Twin Tacoma teachers John and Ryan Prosser have left middle-schoolers behind for a new set of students: other teachers.
The identical twin brothers had been part of a humanities teaching team, sharing a classroom and students at Giaudrone Middle School since the start of the 2010-11 school year.
But this fall, the Prossers moved out of the classroom and into Tacoma Public Schools’ downtown headquarters as instructional facilitators.
John is training teachers about the new teacher-displacement process that grew out of the settlement of the 2011 teachers strike in Tacoma.
And Ryan’s new assignment has him explaining a new instructional framework that Tacoma plans to put in place. State law requires that districts, by fall 2013, implement one of three instructional frameworks approved by the state superintendent’s office that align with the revised teacher-evaluation system.
“We are trying to de-mystify it,” Ryan said.
Is there such a thing as too much brotherly togetherness? Not for these two, who graduated from Curtis High School in 1998, then attended Western Washington University and Boston College together, before completing law degrees at Seattle University.

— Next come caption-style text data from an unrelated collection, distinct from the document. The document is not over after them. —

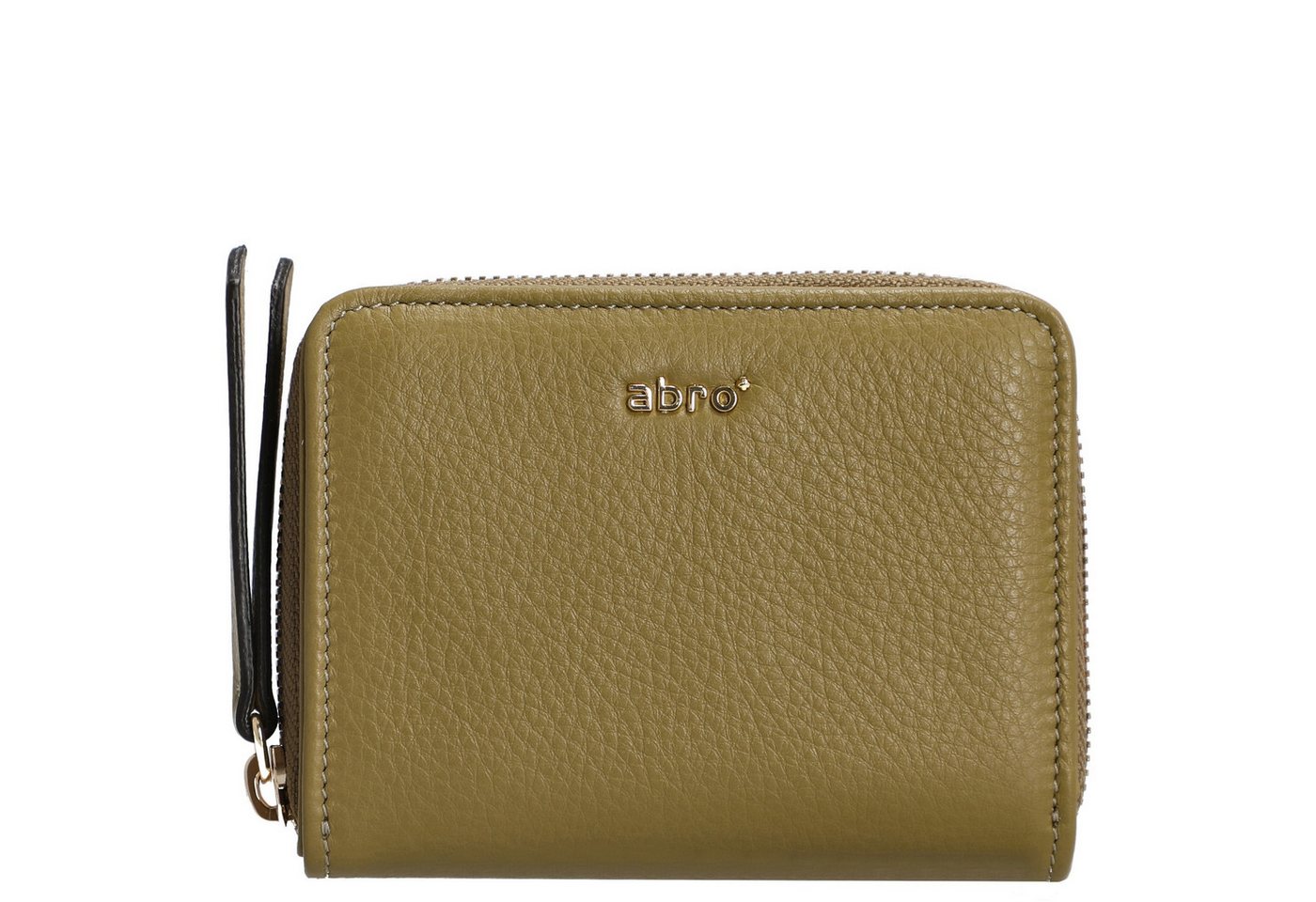 Abro Geldbörse - Geldbörse 10cc 12 cm (mud) von Abro
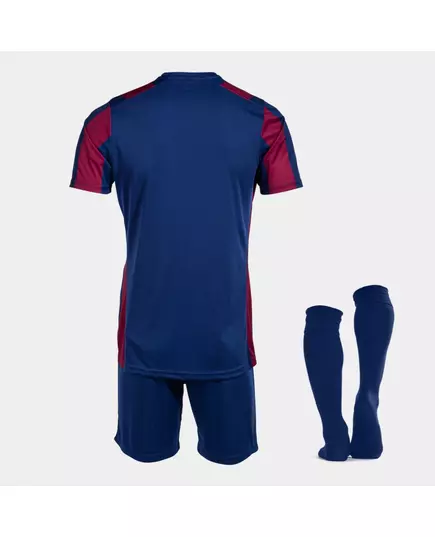 Комплект JOMA INTER III SET ROYAL BURGUNDY, Артикул: 103248.715, Размер: M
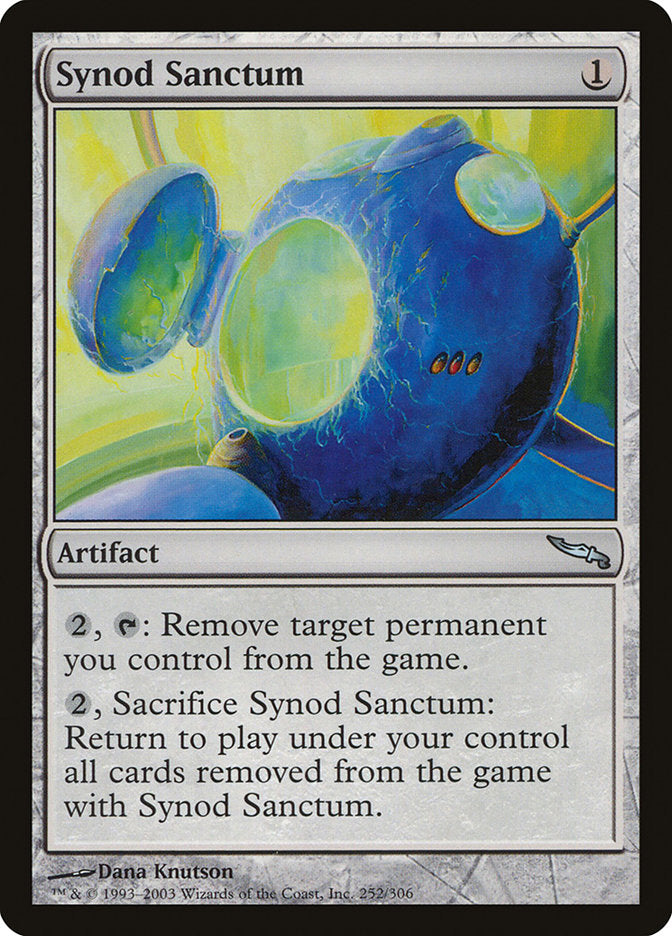 Synod Sanctum [Mirrodin] | Pegasus Games WI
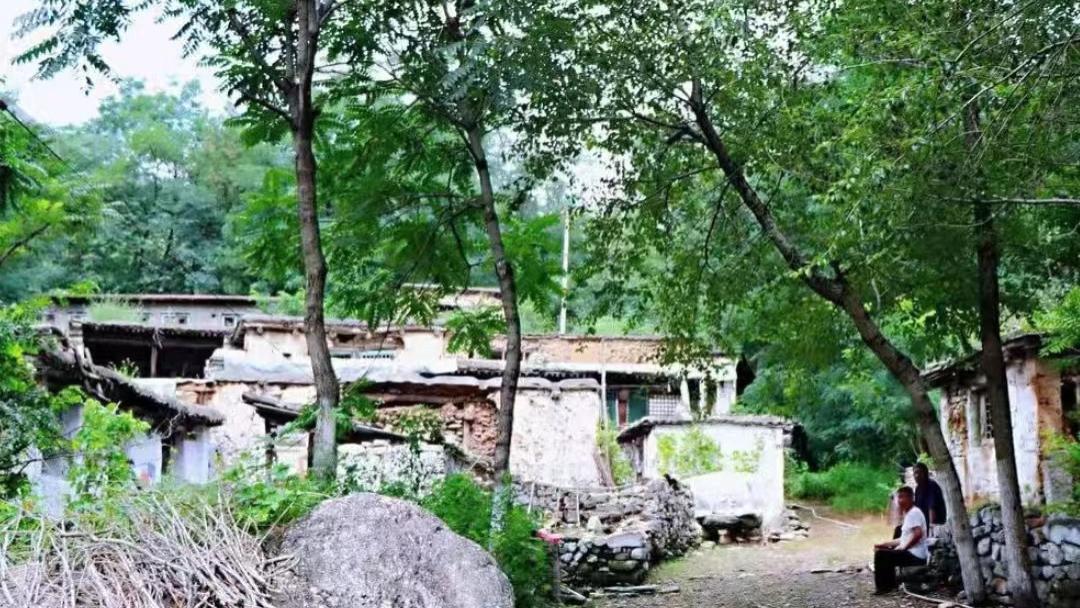 演绎|忆山村世外桃源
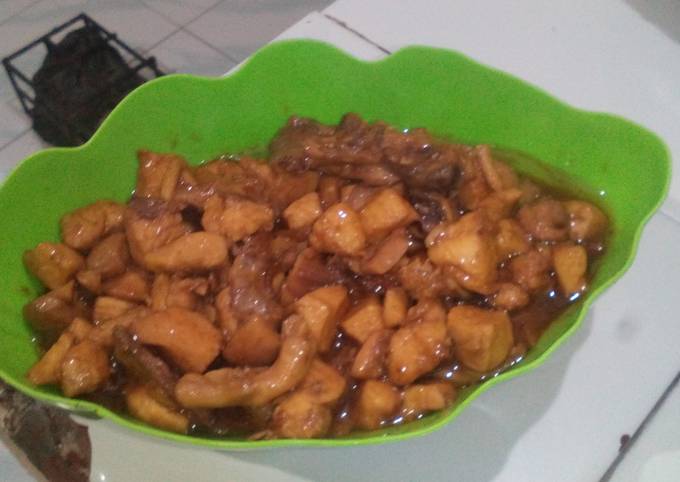 Ayam teriyaki ala ®saori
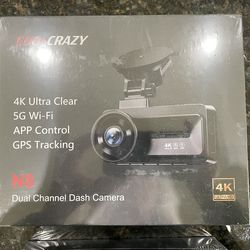 CoolCrazy Vehicle Dash Camera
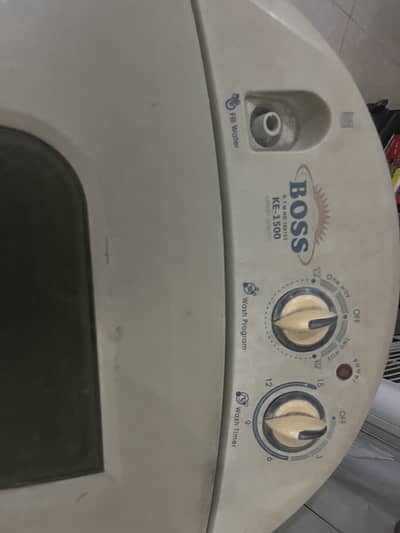 Boss washing machine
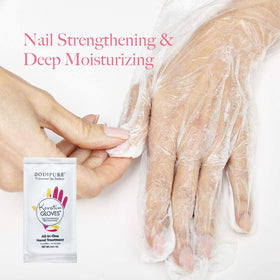 Bodipure results show soft, nourished hands after use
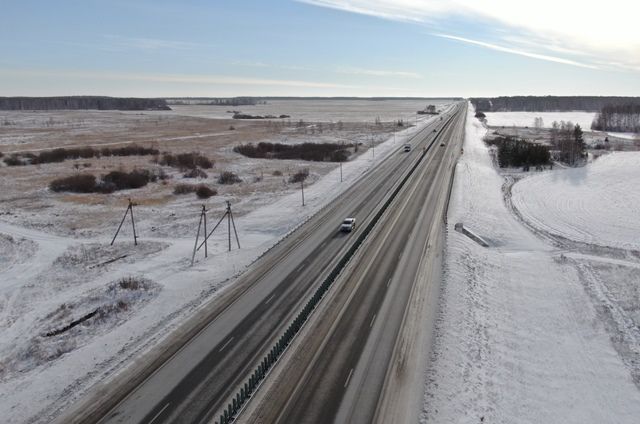 Более 70 км федеральных трасс отремонтировали в Челябинской области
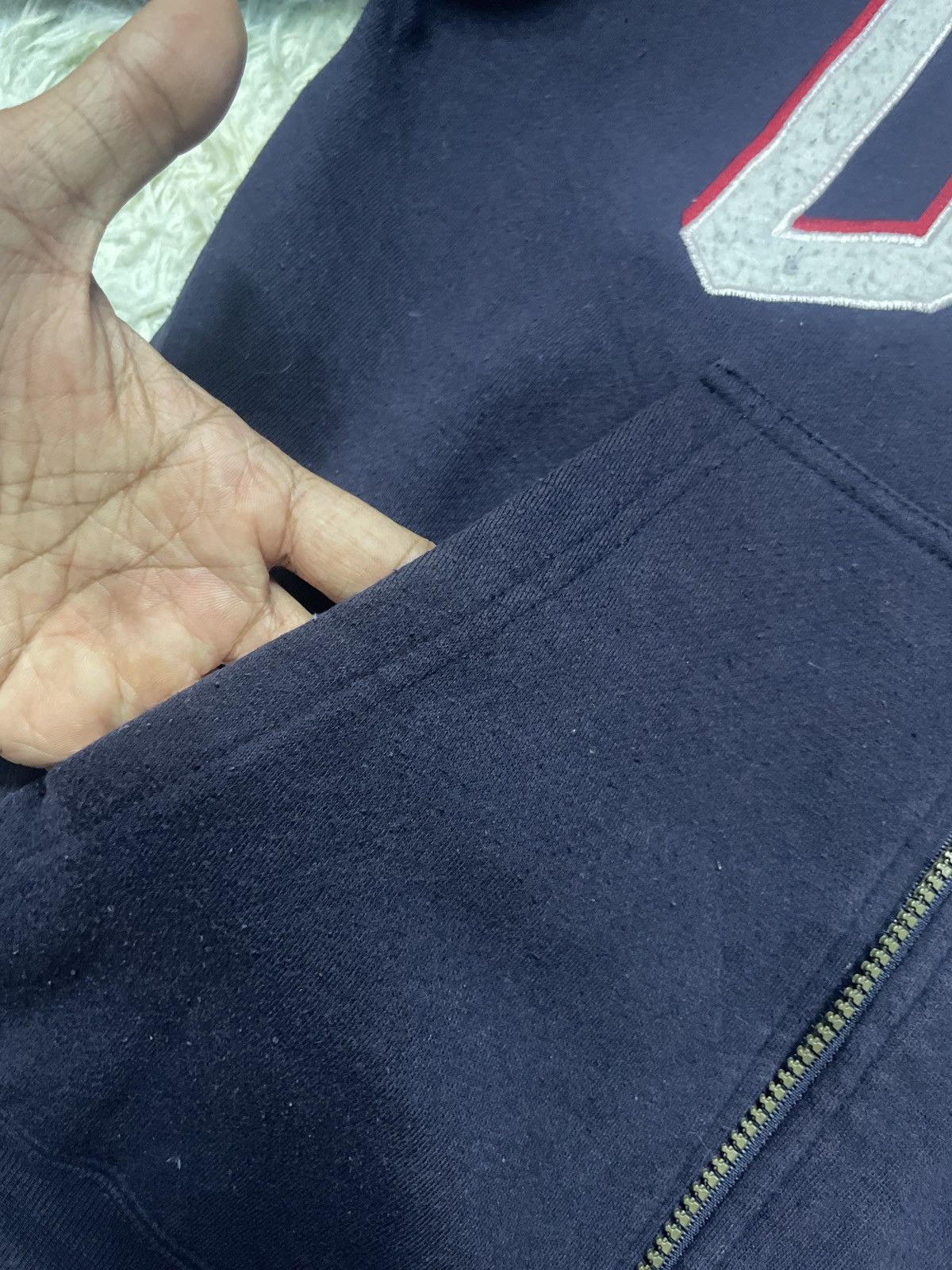 USA Olympics × Vintage Vintage hoodie Olympics team USA Size US S / EU 44-46 / 1 - 8 Thumbnail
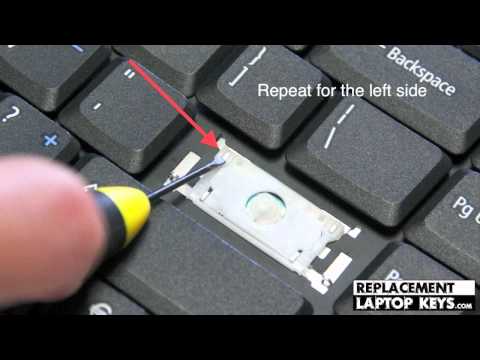 Acer laptop keyboard key installation guide  How to repair laptop keyboard keys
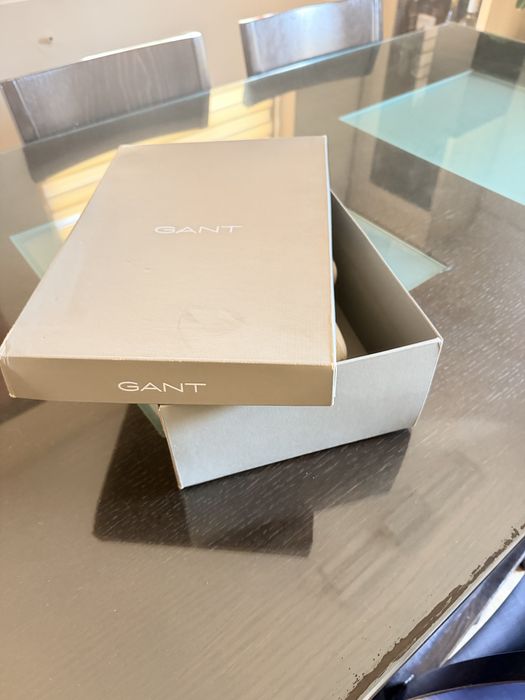 GANT  обувки-бели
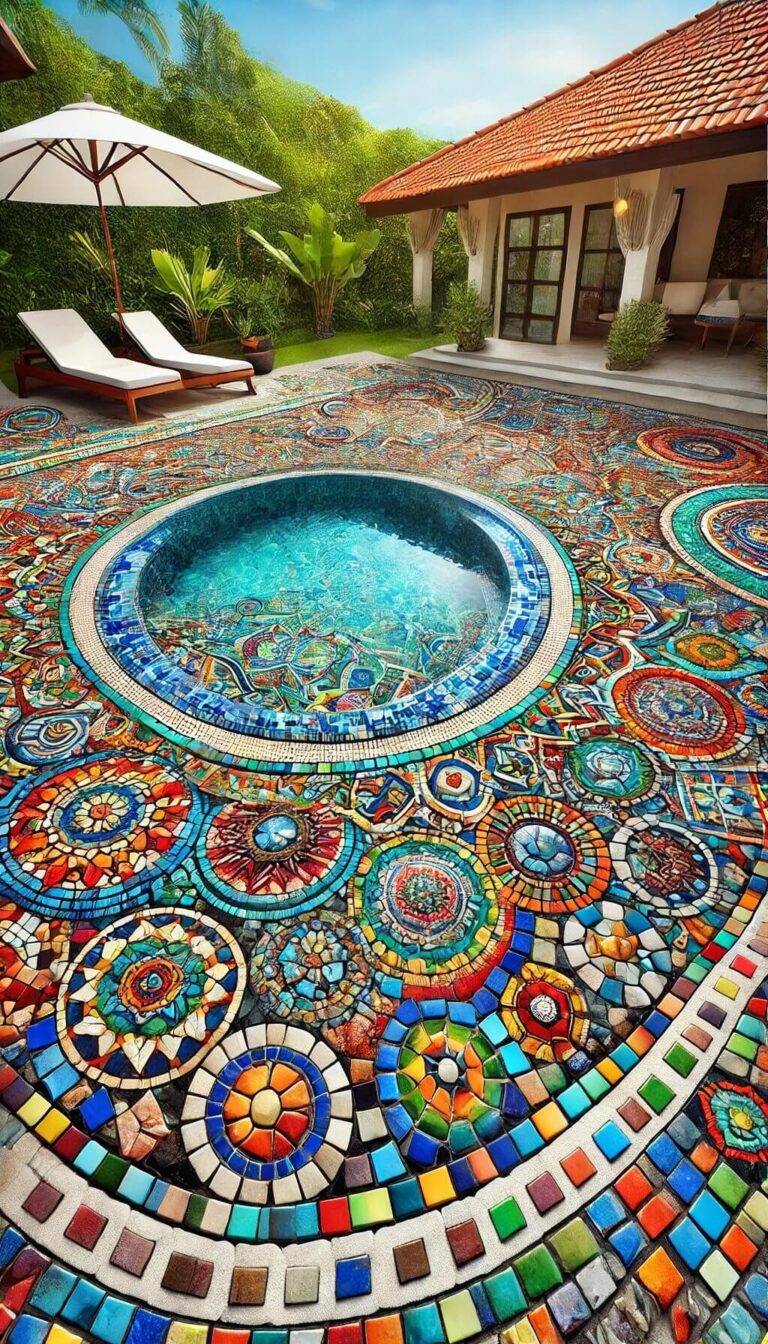 15+ Brilliant Pavers Around Pool Ideas For A Luxurious Look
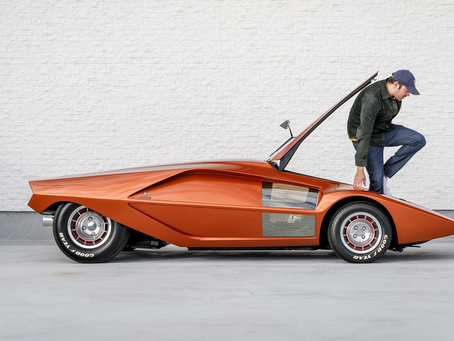 Lancia Stratos HF Zero : 1970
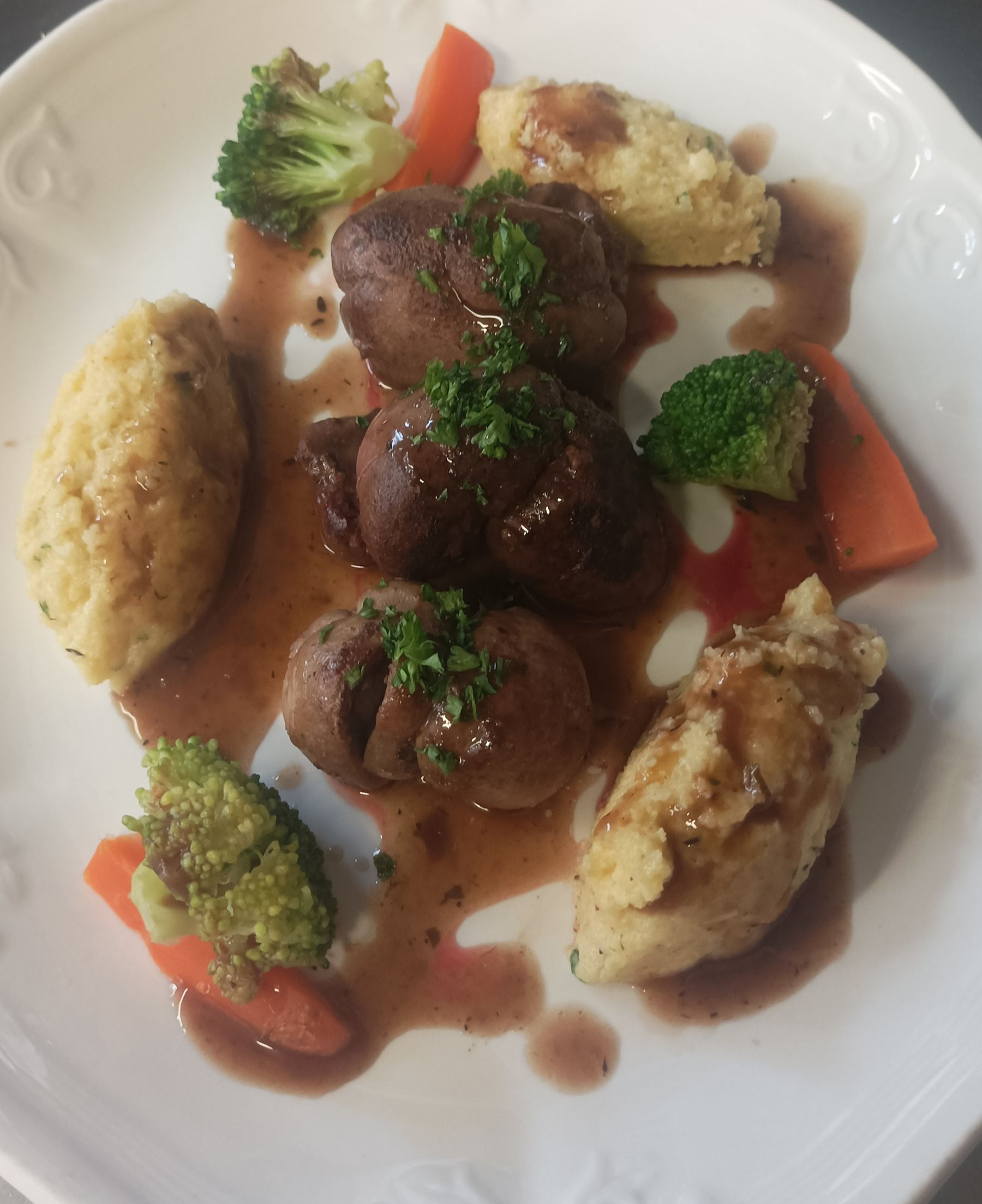 La carte du restaurant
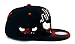 Chicago New Leader Youth Kids Bull Head Skyline Bulls Colors Black Red Era Snapback Hat Cap 19in to 21in Head Size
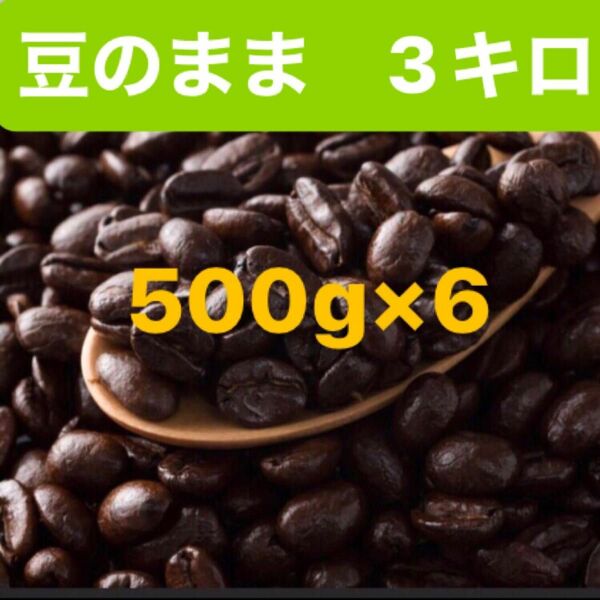 焙煎コーヒー 高級コーヒー豆 3000g ブラジル ブレンドコーヒー 珈琲豆 焙煎コーヒー 工場直売 焙煎珈琲 レギュラーコーヒー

“I love working with my brother,” John said. “Our desks touch. We sit closer now than when we team taught.”
Last spring, the Prosser brothers learned that they both were being displaced from Giaudrone, as the number of faculty members at the middle school was reduced.
John had served on the joint teachers’ union-district administration committee that came up with the new displacement agreement. But neither he nor his brother was able to benefit from it. That’s because the new assignment system didn’t take effect until this fall, and the brothers were displaced in the spring.
Now, John is telling teachers how the district’s new reassignment system works. He has visited more than half Tacoma’s schools to talk about the system he helped create.
He said teachers usually start out uneasy, but that his job is to ease their fears.
Both say that while they miss the classroom, they’re happy in their new positions.
Asked which is the tougher audience, middle-schoolers or teachers, John said diplomatically that “they’re different crowds.”
Ryan said his middle school kids often had more issues they were dealing with outside the classroom, such as poverty and homelessness.
“Working with students,” he says, “the stakes are higher.”